Green's functions techniques for extended nuclear systems

TL;DR

This paper reviews the use of self-consistent Green's functions methods to predict properties of infinite nuclear systems, incorporating recent improvements like three-nucleon forces and extrapolation techniques for realistic equations of state.

Contribution

It presents the first-principles application of Green's functions to infinite nuclear matter, including advancements in modeling interactions and properties.

Findings

Realistic equations of state for symmetric, asymmetric, and neutron matter.

Insights into short-range correlations and nuclear phase transitions.
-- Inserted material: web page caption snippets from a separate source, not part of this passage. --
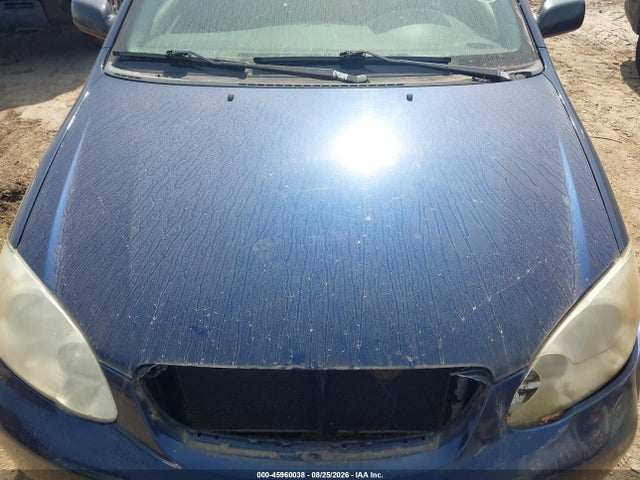 Продажа на аукционе авто 2008 Toyota Corolla Ce, vin: 1NXBR32EX8Z976540, номер лота: 45960038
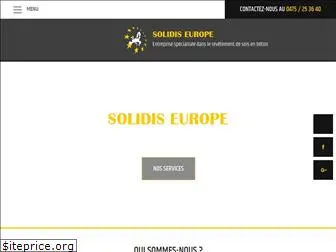 solidiseurope.be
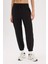 Fit Sporcu Dokuma Jogger Eşofman Altı Standart Fit A2437AX25SP 1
Dependence of nuclear observables on isospin.

Abstract

I review the application of self-consistent Green's functions methods to study the properties of infinite nuclear systems. Improvements over the last decade, including the consistent treatment of three-nucleon forces and the development of extrapolation methods from finite to zero temperature, have allowed for realistic predictions of the equation of state of infinite symmetric, asymmetric and neutron matter based on chiral interactions. Microscopic properties, like momentum distributions or spectral functions, are also accessible. Using an indicative set of results based on a subset of chiral interactions, I summarise here the first-principles description of infinite nuclear system provided by Green's functions techniques, in the context of several issues of relevance for nuclear theory including, but not limited to, the role of short-range correlations in nuclear systems, nuclear phase transitions and the isospin dependence of nuclear observables.